WHAT TO DO —
Copying exactly, give the lines in the material below from the one with "btn-success btn-sm float-right" to the one with "Profile image of かなめ", ends included, and nothing besides.

DATA EXTRACT —
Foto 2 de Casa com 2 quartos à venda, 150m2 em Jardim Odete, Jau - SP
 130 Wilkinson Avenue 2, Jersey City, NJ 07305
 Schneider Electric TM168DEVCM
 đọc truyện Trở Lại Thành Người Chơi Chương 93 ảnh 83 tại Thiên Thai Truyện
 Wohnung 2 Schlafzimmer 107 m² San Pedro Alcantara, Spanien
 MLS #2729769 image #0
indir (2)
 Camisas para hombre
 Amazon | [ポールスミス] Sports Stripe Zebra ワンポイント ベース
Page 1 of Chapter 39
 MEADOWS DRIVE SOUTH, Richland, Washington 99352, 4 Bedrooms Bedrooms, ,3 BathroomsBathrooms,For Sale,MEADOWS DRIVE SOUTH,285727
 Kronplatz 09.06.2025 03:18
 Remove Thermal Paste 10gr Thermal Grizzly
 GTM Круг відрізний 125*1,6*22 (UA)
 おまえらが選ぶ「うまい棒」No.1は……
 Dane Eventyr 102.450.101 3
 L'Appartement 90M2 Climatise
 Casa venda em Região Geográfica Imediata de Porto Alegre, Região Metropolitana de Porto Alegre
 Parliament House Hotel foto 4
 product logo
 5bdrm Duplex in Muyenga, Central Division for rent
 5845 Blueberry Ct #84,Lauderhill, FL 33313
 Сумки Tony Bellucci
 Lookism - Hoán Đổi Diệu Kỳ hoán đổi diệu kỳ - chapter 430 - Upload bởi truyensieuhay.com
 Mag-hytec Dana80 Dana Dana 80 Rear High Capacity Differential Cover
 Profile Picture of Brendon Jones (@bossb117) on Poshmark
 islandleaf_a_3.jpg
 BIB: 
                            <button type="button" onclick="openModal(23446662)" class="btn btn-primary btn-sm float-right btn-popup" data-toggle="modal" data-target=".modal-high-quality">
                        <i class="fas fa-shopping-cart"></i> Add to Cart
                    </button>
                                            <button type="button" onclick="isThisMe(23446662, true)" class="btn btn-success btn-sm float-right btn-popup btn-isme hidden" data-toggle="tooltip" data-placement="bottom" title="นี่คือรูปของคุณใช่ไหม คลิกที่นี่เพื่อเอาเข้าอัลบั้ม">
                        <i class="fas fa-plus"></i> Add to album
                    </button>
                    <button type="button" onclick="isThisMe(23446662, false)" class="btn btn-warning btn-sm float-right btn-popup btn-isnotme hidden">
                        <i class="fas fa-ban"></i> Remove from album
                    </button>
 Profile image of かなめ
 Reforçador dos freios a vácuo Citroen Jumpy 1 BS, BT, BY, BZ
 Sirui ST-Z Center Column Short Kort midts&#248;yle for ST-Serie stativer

COMPLETED EXERCISE —
                                            <button type="button" onclick="isThisMe(23446662, true)" class="btn btn-success btn-sm float-right btn-popup btn-isme hidden" data-toggle="tooltip" data-placement="bottom" title="นี่คือรูปของคุณใช่ไหม คลิกที่นี่เพื่อเอาเข้าอัลบั้ม">
                        <i class="fas fa-plus"></i> Add to album
                    </button>
                    <button type="button" onclick="isThisMe(23446662, false)" class="btn btn-warning btn-sm float-right btn-popup btn-isnotme hidden">
                        <i class="fas fa-ban"></i> Remove from album
                    </button>
 Profile image of かなめ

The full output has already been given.